В отличие от сестры, Полина отца обожала — восхищалась его внешностью, статной фигурой, скульптурными позами его сценических персонажей. Он также относился к младшей совсем иначе, чем к Марии, говорил, что если старшая “нуждается в железной руке, то младшую можно вести на шелковой нитке”. Позже, когда Полина, уже известная певица, гастролировала в Испании, на одном из концертов ей почудилось, что она видит в оркестре отца. С ней случился обморок, концерт пришлось прервать.
Про Хоакину, жену Мануэля Гарсиа-старшего, известно гораздо меньше, причем только с ее собственных слов. Незаконнорожденная, она была отдана с детства на воспитание в монастырь, обучалась там пению, в двадцать два года вырвалась на волю и стала солисткой в Мадридской опере, где и встретилась с Мануэлем. Была она исправной католичкой. По-видимому, страдала вначале из-за двусмысленности своего положения “второй жены”, затем из-за многолетней внебрачной связи дочери Марии с бельгийским скрипачом Шарлем де Берио. У пары рождались дети, обреченные на участь незаконных. Выйти замуж Мария могла, только развязавшись с Малибраном, жившим в далекой Америке.
В конце концов с помощью стряпчего Луи Виардо Марии удалось расторгнуть свой брак с Малибраном, в 1836 году они с де Берио поженились.
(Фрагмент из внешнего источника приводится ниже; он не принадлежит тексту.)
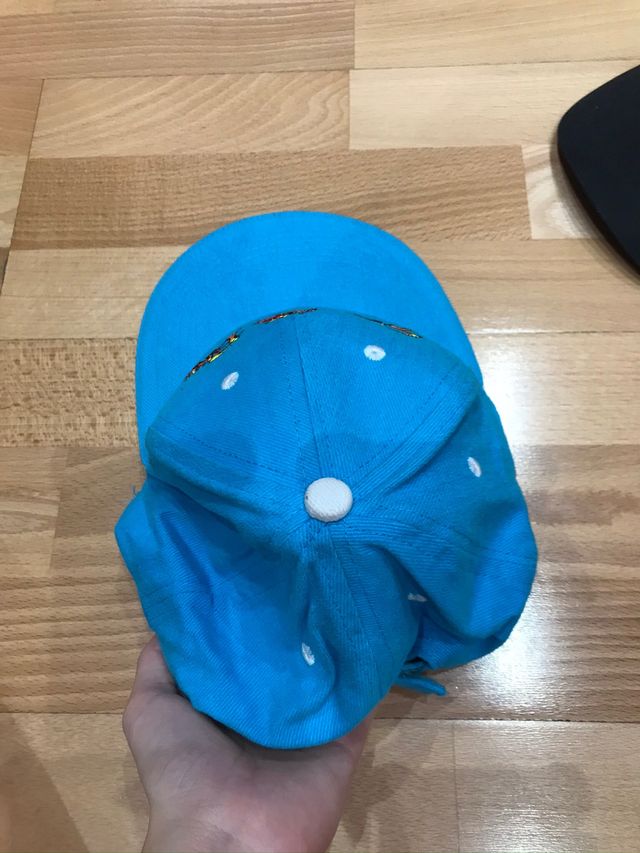 Gorra azul
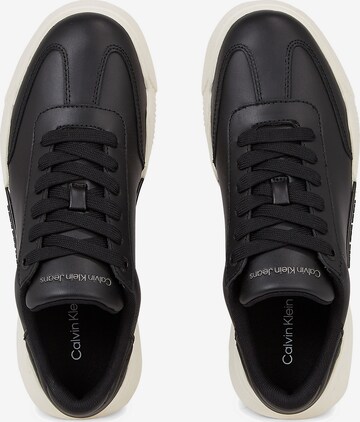 Calvin Klein Jeans Sneaker low in Schwarz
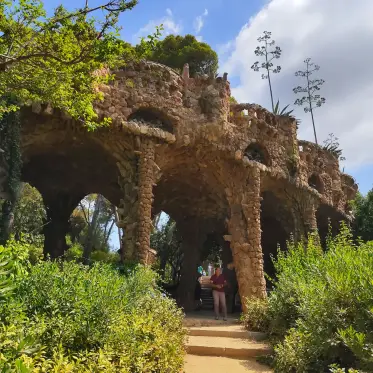 Uno de los viaductos de piedra del parque, con columnas inclinadas como troncos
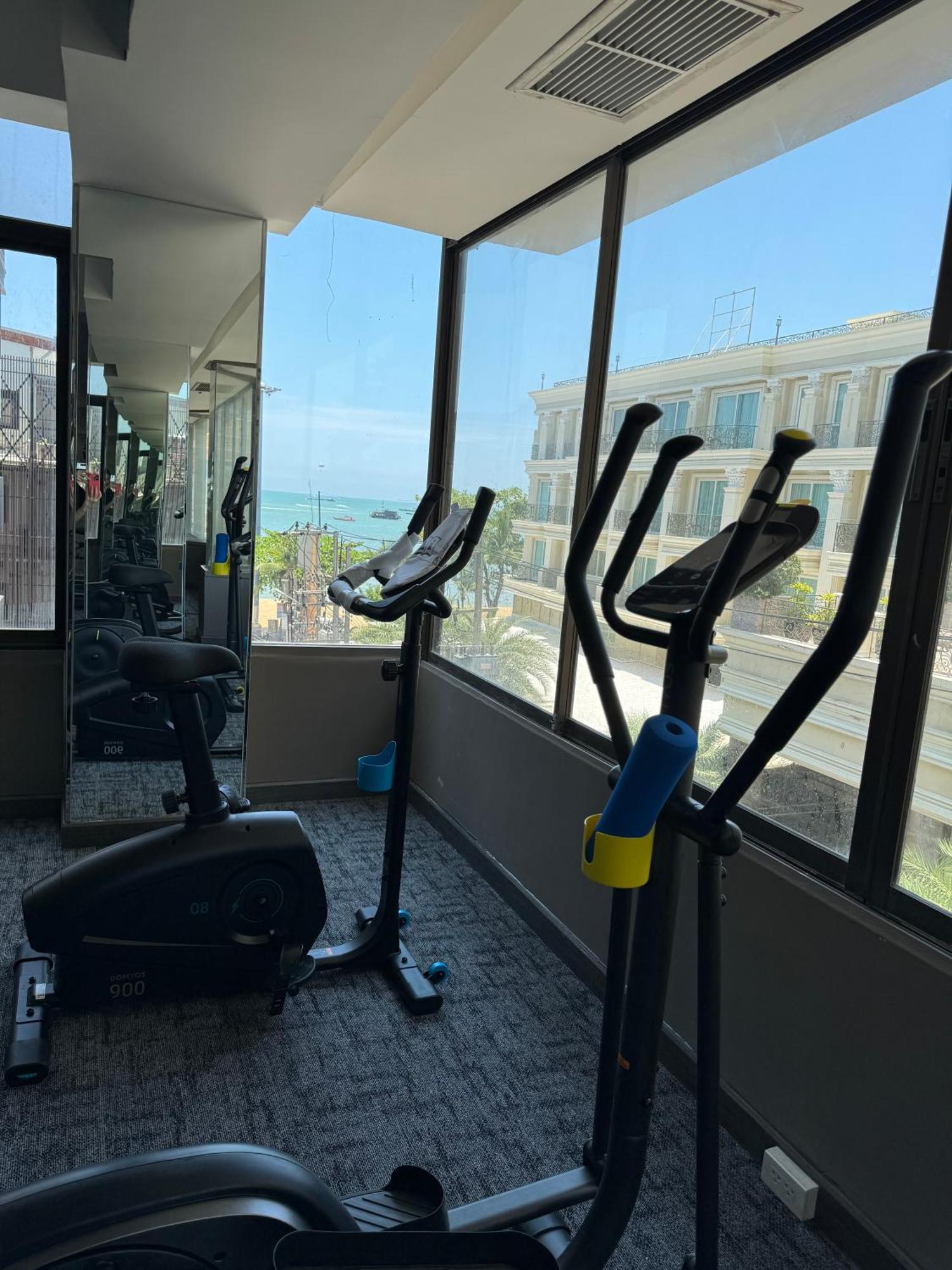 Hermann Hotel Pattaya - Sha Extra Plus מראה חיצוני תמונה The gym at the hotel
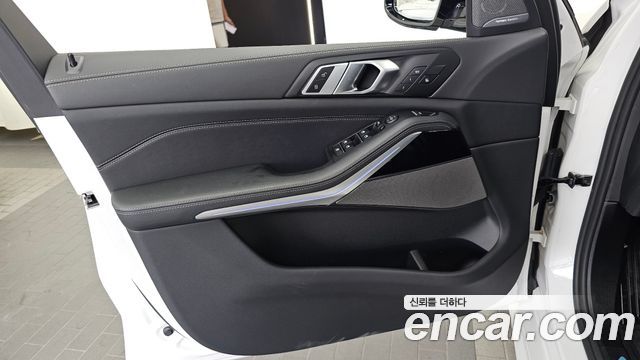 BMW X5 2025 — photo 14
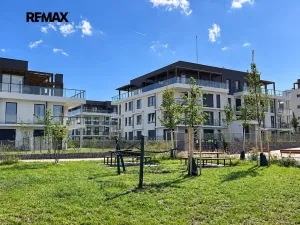 Pronájem bytu 3+kk, Praha - Dolní Chabry, U Traktorky, 77 m2
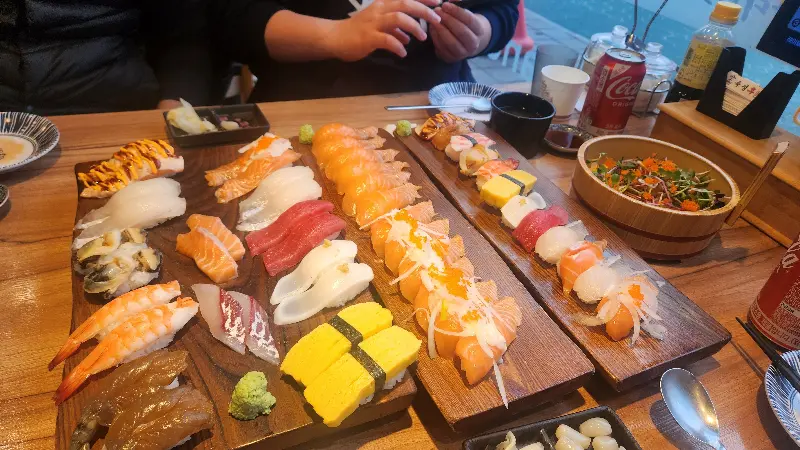 푸짐한 초밥 한 상 차림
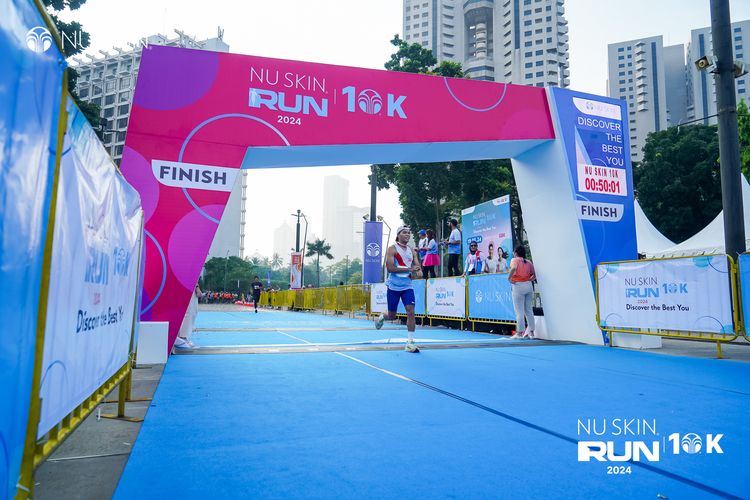 Race photo from Nu Skin Run 10K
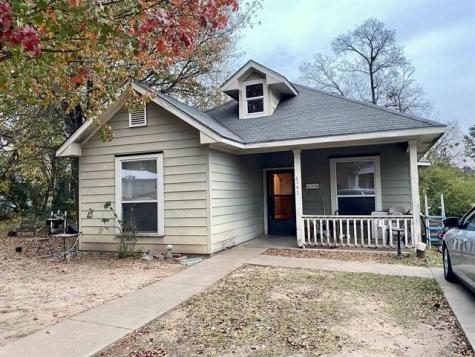 245 7th Street SW Paris TX 75460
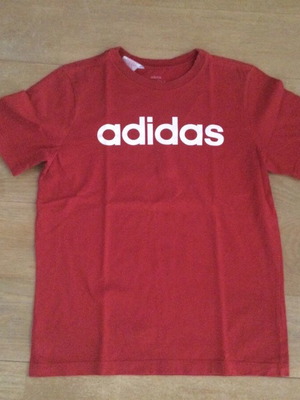 Μπλούζα Adidas κόκκινη, μέγεθος 158 cm, με μικρή τρύπα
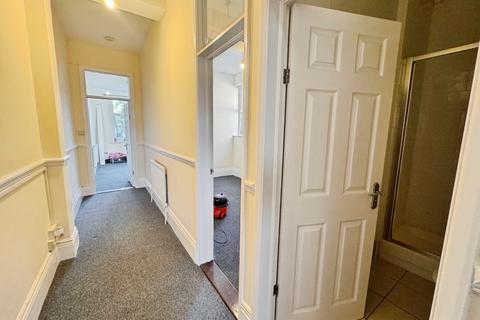 1 bedroom ground floor flat to rent, Park Crescent, Westcliff-On-Sea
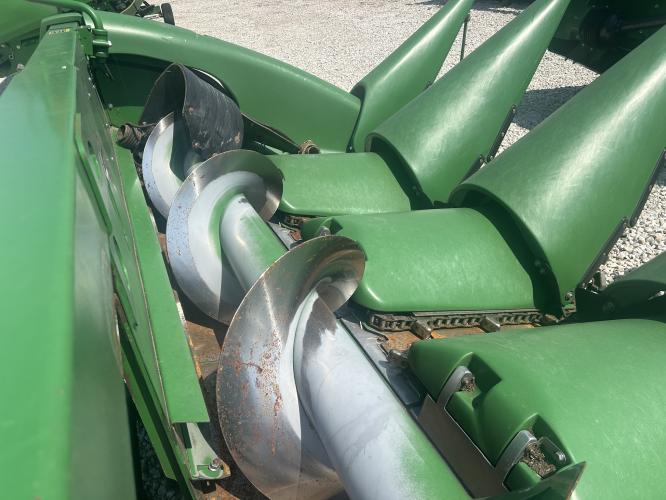 John Deere 708C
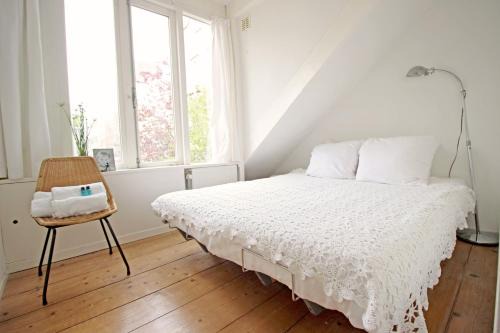 Helmersbuurt Casa | Beautiful 2 floor Vondelpark apartment.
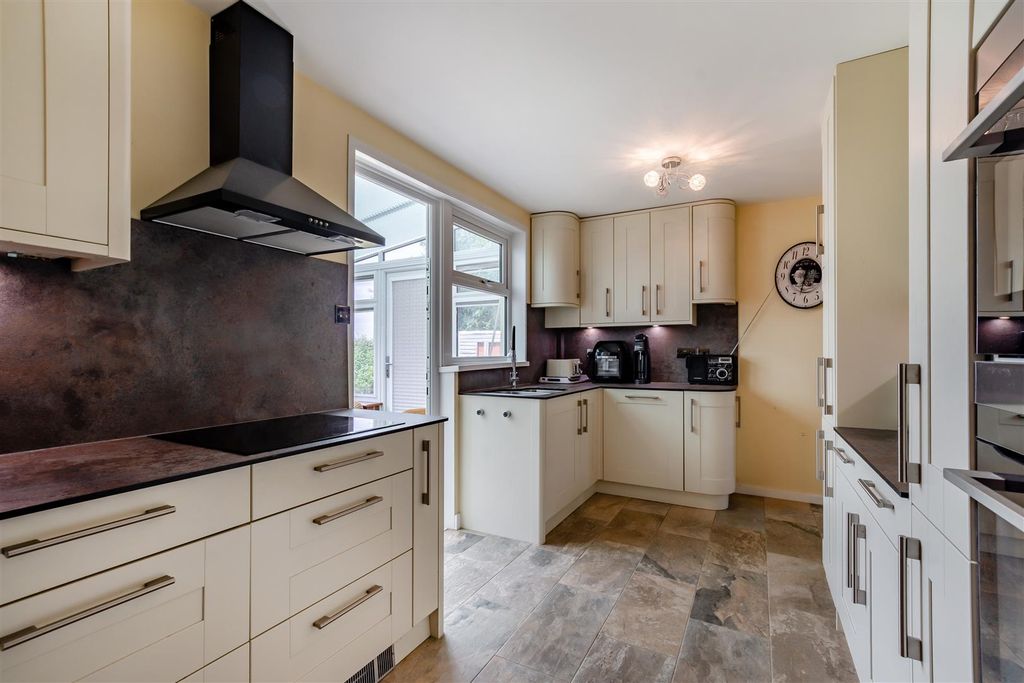 Property photo 3 of 24 Kitchen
И в том же году ее не стало. То самое роковое — последнее— выступление Марии Малибран проходило в Манчестере. Один из крупных английских критиков написал: “Англия убила ее”.
Не думаю, что Хоакина бы с ним согласилась. Она бы сказала, что жизнь человеческая — в руках божьих. И, возможно, добавила бы, что Мария слишком долго испытывала Божье терпение своими эскападами.
В этом смысле младшая дочь — Полина — была идеальна. До замужества ездила на гастроли только вместе с матерью. И никаких предосудительных связей.
Мария Малибран, сестра Полины, была красавицей. В ее портретах трудно отыскать “цыганские” черты, разве что глаза напоминают отцовские. Другое дело, ее младшая сестра Полина, чья внешность была далека от общепринятых европейских канонов красоты. Смуглая, худая, с большим ртом. Одно слово — “цыганка”.
Безобразная красавица
…твоя же Консуэло… не только некрасива, а просто уродлива.
…на сцене талант без красоты часто является для женщины несчастьем.
Жорж Санд. Консуэло
Стой! Какою я теперь тебя вижу — останься навсегда такою в моей памяти!
И. Тургенев. Стихотворение в прозе “Стой!”
В “Воспоминаниях” Авдотьи Панаевой говорится о внешности двадцатидвухлетней Полины Виардо: “Виардо отлично пела и играла, но была очень некрасива, особенно неприятен был ее огромный рот…” Через несколько лет, когда Виардо снова гастролировала в Санкт-Петербурге (1853 год), Авдотья Яковлевна отнеслась к ней все так же сурово: “А о наружности нечего и говорить: с летами ее лицо сделалось еще некрасивее”9.
Во все времена публика любила красивых певиц. Наше время, кстати, не исключение. Привлекательная внешность и сейчас служит хорошей “упаковкой” для таланта. Стоит напомнить, что все наши известные оперные певицы — Нежданова, Обухова, Вишневская, Архипова, Синявская, Нетребко, — как правило, красивы или даже очень красивы.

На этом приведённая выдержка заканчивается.